日本語は簡単な文章でも感情が乗っかってしまうやっかいな言語、ってハナシ。
まいど、イオリンでござい。
日本語って英語よりも汎用性高いけれど、その分不必要に感情が乗っかっちゃうよな、ってハナシを今日はします。
例えば敬語なんてのは顕著だよね。英語には「丁寧な言い回し」や「敬意を示す言い回し」はあるけれども、全ての文章が敬意を示すようなことはないでしょ。例え相手が王様でも、「私は東京で働いています。」は“I work in Tokyo.”でしょ。強いて、”I work in Tokyo, Sir.”でしょ。
でも日本語では「私は東京で働いています。」を無限の形で表現できる。「私、東京で働いているのよ。」「俺、東京で働いてんよ。」「儂は東京で仕事をしているのじゃ。」「余は東京で仕事をしておるぞ。」「某、東京で仕事をし候。」etc…。それぞれの言い回しで異なる感情や話者の背景が推測できる。
だからこそ、俳句や詩など、言い回しや言葉の選びによって成り立つ日本語独特の文学があるわけでさ。日本文学と英語文学は全然質が違うでしょ。日本語のほうが汎用性が高く、様々な感情を簡単に伝えることができる。
でもね、その分、「何気ない言に不必要に感情が乗る言語」とも言える。
〜〜〜〜
それが一番余計な作用をするのが、ビジネスだと思う。日本語を使うと、例えビジネスの会話だったとしても、言葉に変な感情が乗っかって伝わってしまうことがある。単純に書類をシュレッダーにかけてほしいだけなのに、「この書類をシュレッダーにかけといてください」と言うと「なんか冷たい感情」が伝わる。だから「すいませんが、この書類をシュレッダーにかけておいていただけますか?」みたいな言い回しになる。
でも、英語だったら単純だ。“Please shred the documents.”という言い回しには、何の感情も乗っていない。ただ純粋に「用件・要望」だけが乗っかっているよね。
楽天の社内公用語を英語にしたってのが前に話題になったけれど、これって単に「英語力を鍛える」だけじゃなくって、ビジネスえのやりとりを円滑にする狙いもある気がするんだよね。英語のほうがビジネスの会話は絶対やりやすい。
〜〜〜〜
感情を伝えやすいっていうのはもちろん長所にもなる。

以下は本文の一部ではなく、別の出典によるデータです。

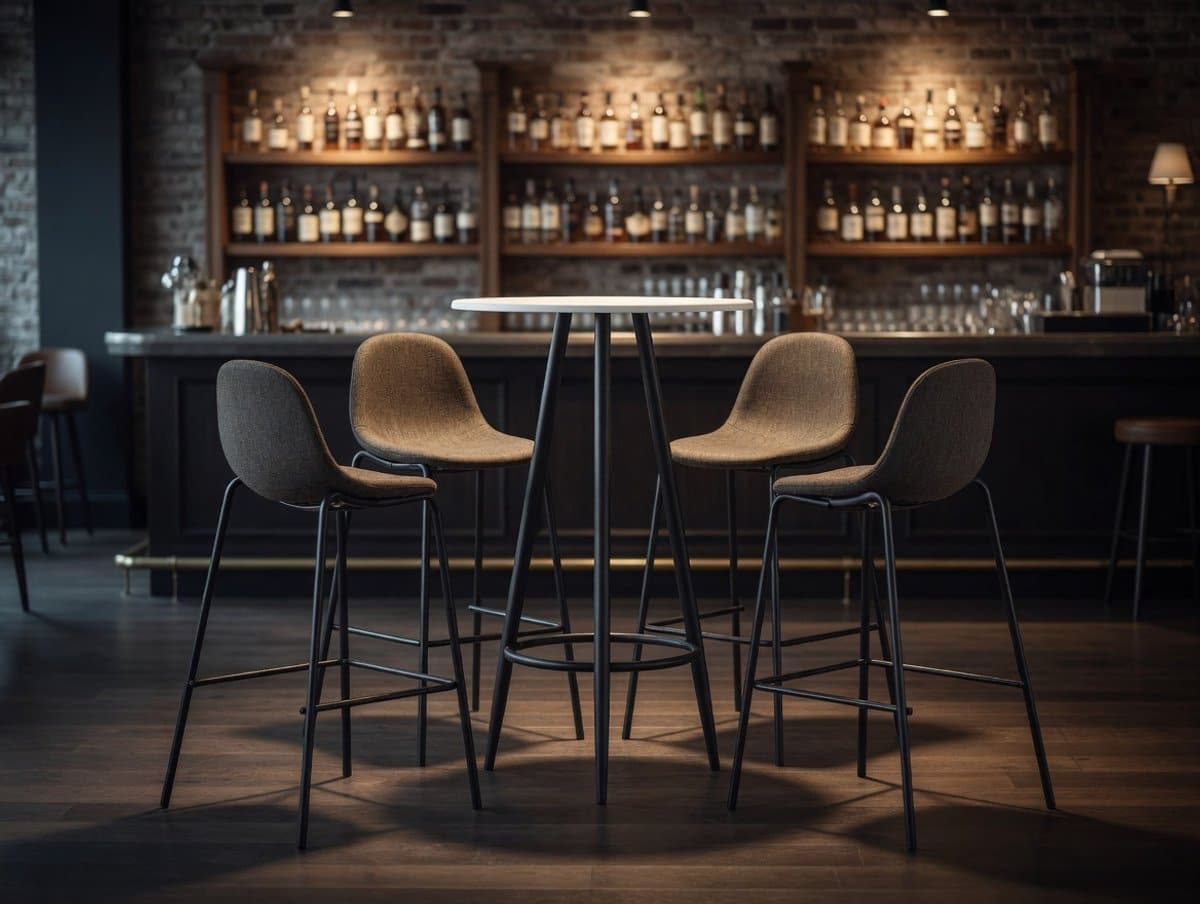 5 delige moderne barset donkergrijs bartafel mdf + 4 barkrukken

普段の何気ない会話の中でさえ、「君のことが気に入っているよ」とか「君のことが気に入らないよ」っていうことが伝えられるからね。
でも慎重に言葉を選ばないと誤解が簡単に生じる。例えば「ご飯食べに行こうよ!」ってLINEしただけなのに、「何?あたしのこと好きなの?困るんだけど」みたいな誤解が出たり、「映画観に行こうよ!」ってメールしただけで「あいつ、絶対俺に惚れてるぜ」みたいな誤解が出たり…なんてのは本当よくあるハナシだよね。
英語で、“Hey, let’s go to lunch.”とか、“I’d like to watch the movie. Shall we?”とかメールで送っただけで、そーいう誤解は(多分)発生しない。会話だったら言い方、声のトーンとかで感情を伝えられるかもしれないけれど、少なくとも文章という形では英語は感情があんまり乗っからないんだよ。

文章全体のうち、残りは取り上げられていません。